Your instructions –
An exact restatement of the data is required, with the images omitted.

Data section –
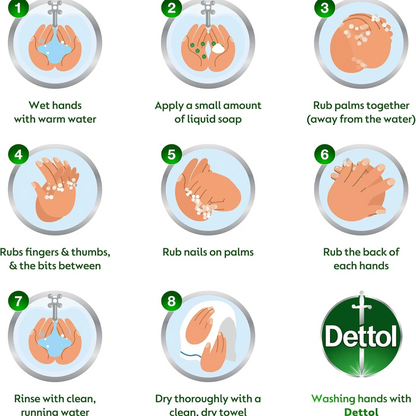 Dettol Fresh Antibacterial Bathing Soap Bar 165g x 4 Bars – Citrus & Orange Blossom Scent with Moisturizing Glycerine – 100% Germ Protection & Odor Control - Damoo
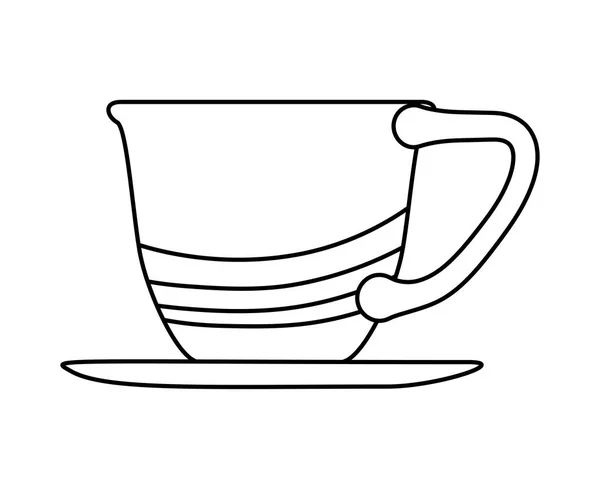 Delicioso taza de café bebida icono — Archivo Imágenes Vectoriales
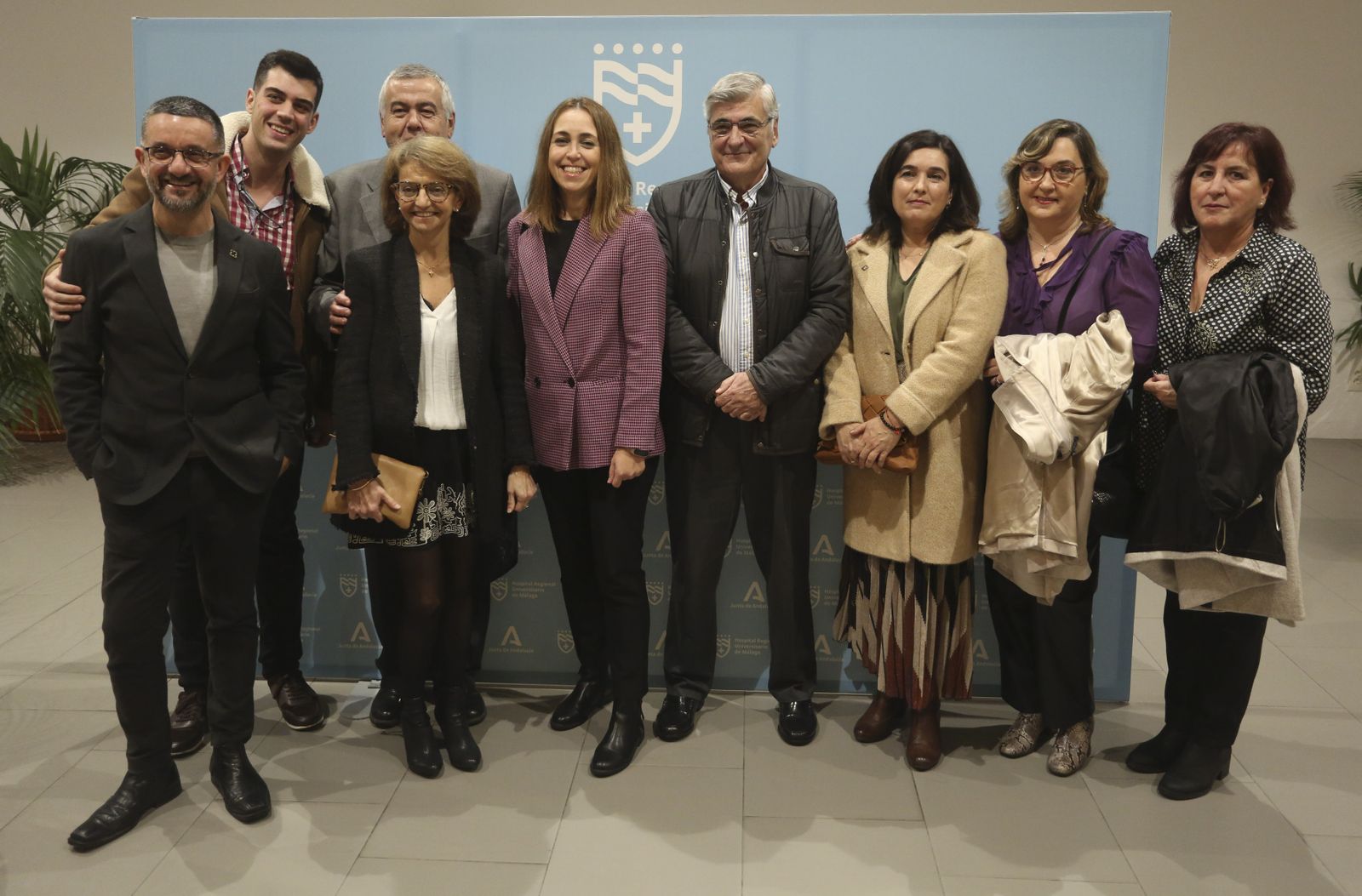 La imágenes de la celebración del 150 aniversario del Hospital Civil de Málaga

Solution for this task –
 Dettol Fresh Antibacterial Bathing Soap Bar 165g x 4 Bars – Citrus & Orange Blossom Scent with Moisturizing Glycerine – 100% Germ Protection & Odor Control - Damoo
 Delicioso taza de café bebida icono — Archivo Imágenes Vectoriales
 La imágenes de la celebración del 150 aniversario del Hospital Civil de Málaga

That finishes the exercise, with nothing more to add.